Before you can start using one of many types of savings accounts, it’s important to understand what a savings account is.
Savings accounts are vehicles for reaching short term saving goals. They are bank accounts designed to help you set extra money aside while maintaining a balance of accessibility: it takes an extra step or two to access it, which makes it easier to avoid unnecessary, spur of the moment spending. At the same time, the money is accessible in the event that you need it.
Banks offer features like automatic transfers back and forth between a savings account and a checking account to help you in this process of putting money away and accessing it when necessary.
Banks also pay interest on the money you deposit into the account. Interest is money that the bank pays you in exchange for holding your money — something that is not offered with checking accounts.
What Should You Use a Savings Account for?
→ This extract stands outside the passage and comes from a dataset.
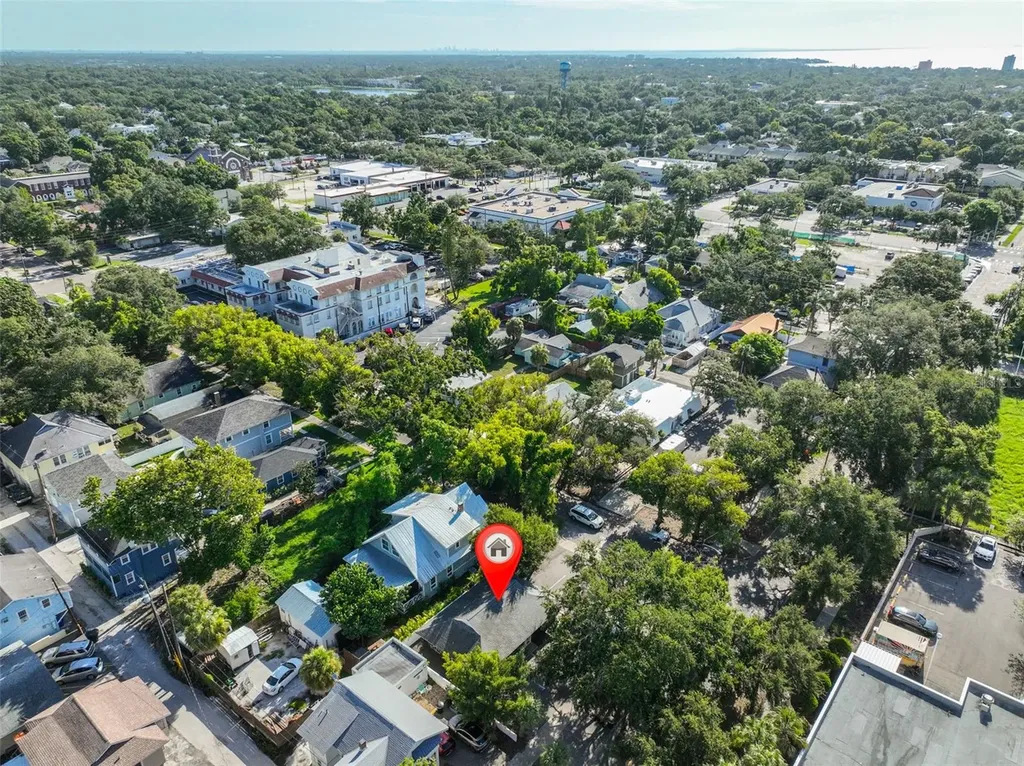 1033 7th Avenue N St Petersburg FL 33705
Savings accounts act as a place where you can store money safely and retrieve it easily, a concept known in financial circles as high liquidity. These characteristics make a savings account ideal for short-term financial needs and goals such as:
- Emergency fund. The rule of thumb is to put away at least three to six months’ worth of living expenses. While that amount may seem challenging, contributing small amounts each week can help you reach that goal, and a savings account is a good place to stockpile it. In fact, according to a U.S. News survey conducted in 2019, about 40 percent of respondents use their savings account as an emergency fund, about four times as much as for any other purpose.
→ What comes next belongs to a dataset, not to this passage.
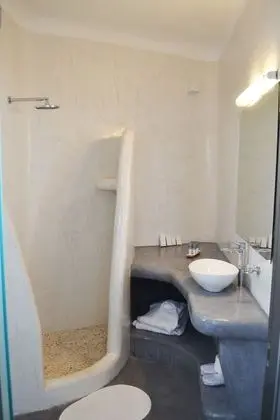 Basic Tek Büyük Yataklı Oda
- Large purchases such as a car or vacation. These remain popular uses for savings accounts, just as they were in the 1960s and ’70s, when banks routinely offered “vacation club” voucher booklets to help savers keep on target with their goals.
1. Traditional Savings Account
Good for: People who need to save money for the short or long term and aren’t as concerned about getting the best interest rate, expressed as the annual percentage yield (APY).
Traditional savings accounts are what you may immediately think of when you consider where to save. These are the savings accounts you typically find at traditional banks or credit unions.
2. High-Yield Savings Account
Good for: People who want to earn a more competitive rate on savings while minimizing fees.
High-yield savings accounts are savings accounts that offer a higher APY, compared to regular savings accounts.
3. Money Market Accounts
Good for: People who want to earn interest on savings while having more options for accessing their money.
Money market accounts (MMAs) combine features of regular savings account with features of a checking account. You can find these accounts at both brick-and-mortar banks and online banks.
4. Certificate of Deposit Account
Good for: People who want to earn competitive rates and won’t need to access their savings right away.
Certificates of deposit (CDs) are time deposits, meaning you agree to leave your money in the account for a set period. During that time, your money earns interest and, when the CD matures, you can withdraw your savings or roll it into a new CD.
You can find CDs at traditional banks and online banks. Between the two, online banks tend to offer better interest rates. CD terms typically range from as short as 30 days or as long as 60 months, with longer terms usually boasting higher rates—although not always, especially in a lower interest rate environment.
5. Cash Management Account
Good for: People who want to keep cash available to invest in their brokerage or retirement account.
Cash management accounts aren’t savings accounts per se. Instead, these accounts let you hold cash you may plan to invest in a taxable brokerage account or a retirement account.
Online brokerages and robo-advisor platforms may offer cash management accounts to their investors. The money held in the account can earn interest, often at a higher rate than what you’d get at a bank.
6. Specialty Savings Account
Good for: People who want accounts tailored to specific savings goals.
Specialty savings accounts are designed to help you reach specific savings goals, rather than being a catch-all for the money you don’t plan to spend. And, in some cases, they can be intended for a specific type of person, rather than a goal.